La sfida: scavare e ‘ascoltare’ per capire

Non vi è nessuno dal quale non si possa imparare. Questa volta saranno forse le persone – i cui corpi sono stati trascinati a valle da fiumi di fango anche per chilometri prima di poterne uscire vive – a insegnare a noi. Se sapremo ascoltarle.

Negli ultimi cinquant’anni, un po’ dappertutto sul nostro Pianeta abbiamo:

-         sfruttato le risorse della Terra in maniera sconsiderata e opportunistica;

-         ridotto la materia a possesso egoistico e l’esistenza ad essere un’affannosa corsa a possedere il più possibile;

-         accresciuto a dismisura le distanze tra ricchi e poveri…

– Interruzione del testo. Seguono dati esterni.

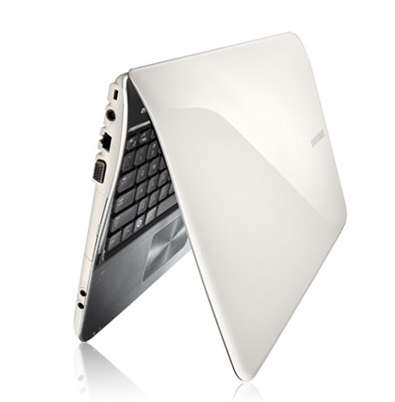 Latest Samsung SF510 ** CURVED DESIGN ** [ Intel i3, nVidia Graphics, 500GB hdd, 15.6" LED ]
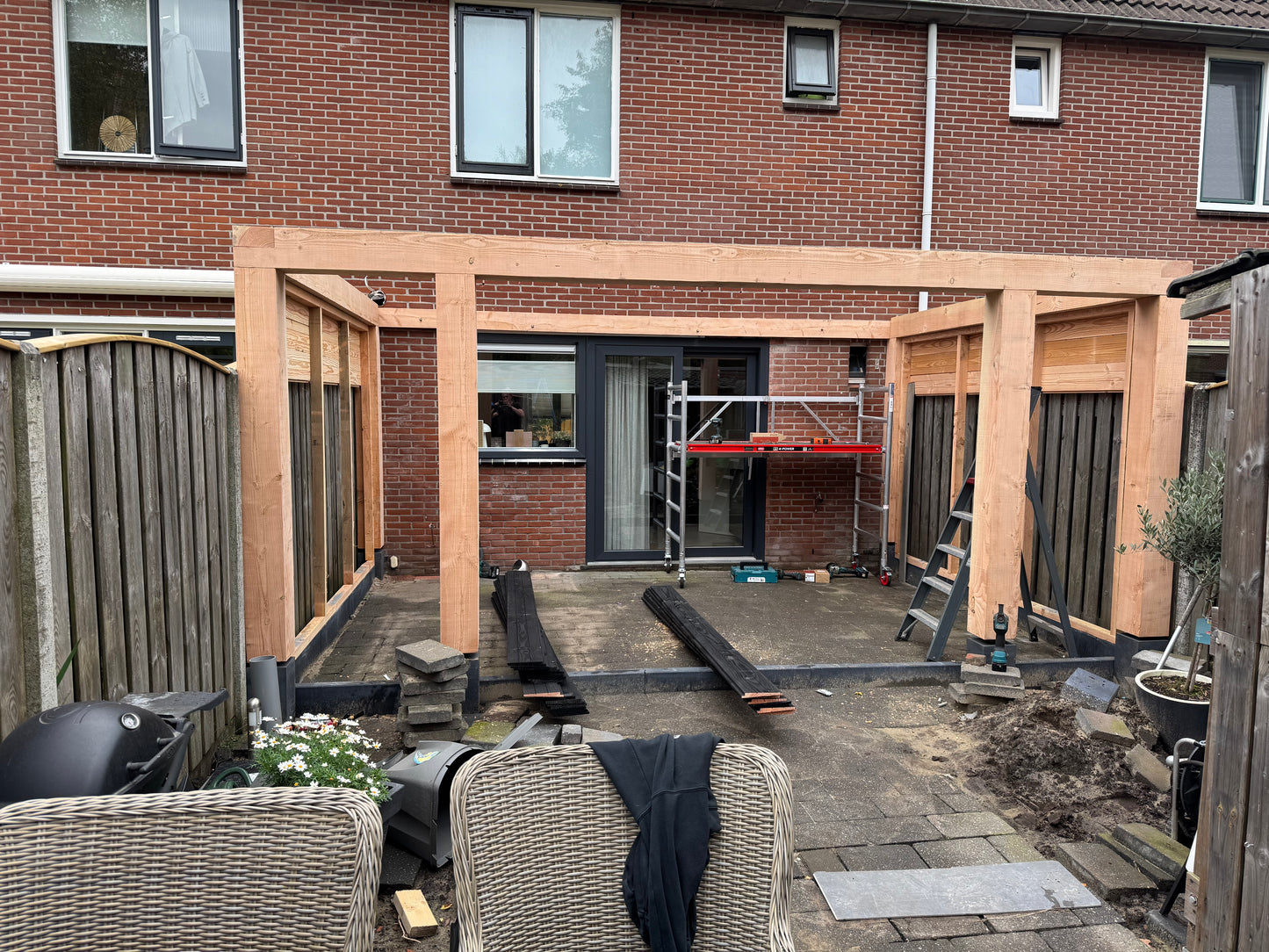 Douglas overkapping excellent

All’improvviso -in un territorio limitato della Liguria e della Toscana settentrionale molto vicino alla nostra vita quotidiana- si verifica una precipitazione di tipo veramente anomalo per la quale acqua e fango travolgono tutto: i beni di chi vi abita e tante vite umane. È la fine anche per uno dei nostri siti più prestigiosi presenti nella lista “patrimoni dell’umanità”: un concentrato unico di natura, storia e cultura, straordinario biglietto da visita dell’identità italiana fondata su bellezza e cultura. L’equilibrio delle Cinque Terre celebrato dall’Unesco si è rotto.

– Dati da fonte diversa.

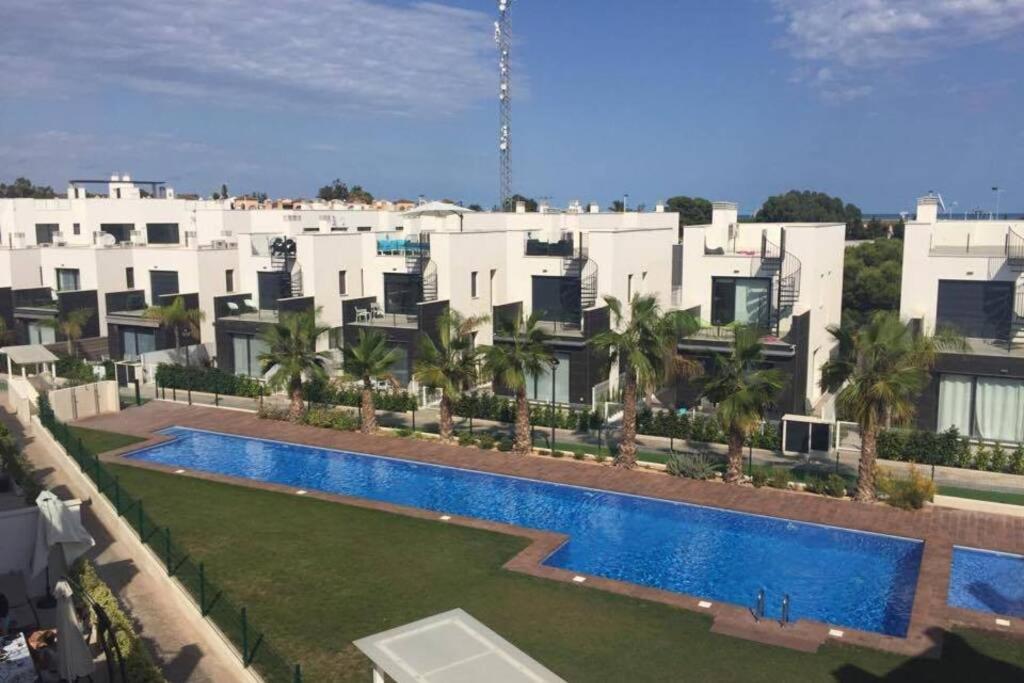Fun Holiday Apartment Punta Prima Torrevieja Extérieur photo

Insieme a tutto questo e ai dolori che diventano comuni, forse, rimane travolto anche quel caos che siamo tutti quando non permettiamo alla mano di Dio di riposare sul nostro capo. Questo, almeno, nell’attuale calamità possiamo augurarcelo.

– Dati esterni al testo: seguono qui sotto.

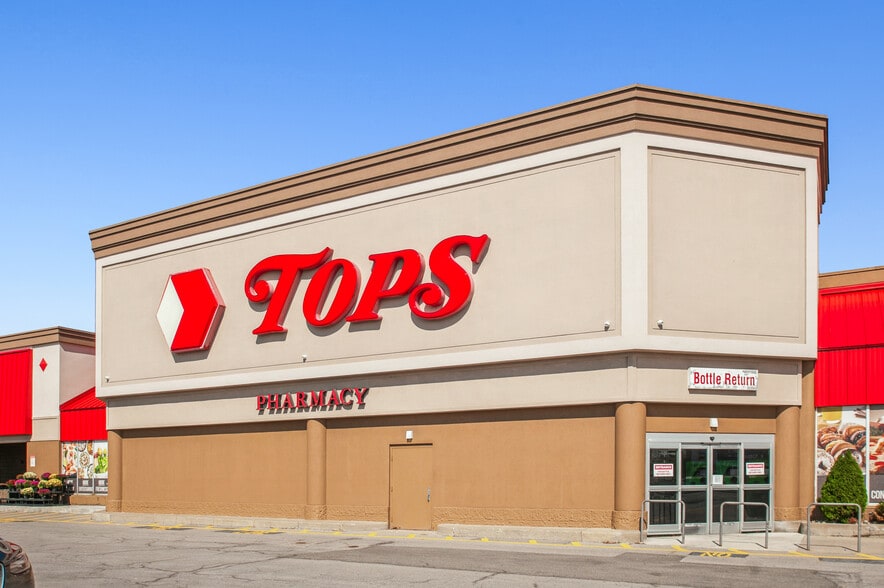 3980 Maple Rd, Amherst, NY for sale - Building Photo - Image 3 of 4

Territorio a rischio di frane e tutela ambientale

L’alluvione ha provocato tale devastazione da ottenere il riconoscimento di calamità nazionale. L’evento quindi è stato di una gravità eccezionale. Ma tutte le regioni italiane sono più o meno a rischio di frane disastrose a causa dell’eccessivo consumo di suolo. Da anni infatti l’Italia è il primo esportatore mondiale di cemento e il secondo consumatore (dopo la Cina!) e ogni anno sul suo territorio sono cementificati circa 500 chilometri quadrati, pari a tre città di Milano. La gestione del territorio in sintesi è poco corretta.

Negli ultimi decenni si sono intensificati infatti abusivismo edilizio e interventi per regolare il flusso delle acque in aree a rischio di esondazione. Gli alvei dei fiumi e dei torrenti sono stati rettificati, ristretti e ingabbiati entro sponde di cemento, con gravi ripercussioni sulla fisionomia dei corsi d’acqua e sugli equilibri ambientali. Le precipitazioni, non riuscendo ad infiltrarsi più nel sottosuolo, ‘ruscellano’ in superficie e travolgono tutto.

L’attuale dissesto territoriale insomma, come molti che lo hanno preceduto, di naturale ha molto poco… Deregolamentazione, speculazione, illegalità sembrano purtroppo entrate a far parte integrante della nostra cultura. Non a caso l’Unesco sta valutando, da qualche anno, la possibilità di escludere molti dei nostri siti più belli dalla lista dei “patrimoni dell’umanità”. Abbiamo però la possibilità di decidere di cambiare rotta. E subito.

Assunzione di una responsabilità collettiva

L’attuale contesto di grave crisi economica e di civiltà, chiede che ognuno di noi:  

-         prima di agire si fermi a riflettere

-         cresca nella consapevolezza della situazione drammatica in cui abbiamo costretto il nostro Pianeta

-         si apra all’assunzione di una responsabilità collettiva.

Aprire dibattiti e lavorare insieme è la via. Non possiamo infatti delegare questa scelta ai politici, che spesso sono addirittura disinformati o in conflitto di interessi. E anche pensare di fare da soli è troppo poco, perché è sempre troppo facile ai singoli scegliere se stessi e aprire di nuovo la porta al caos.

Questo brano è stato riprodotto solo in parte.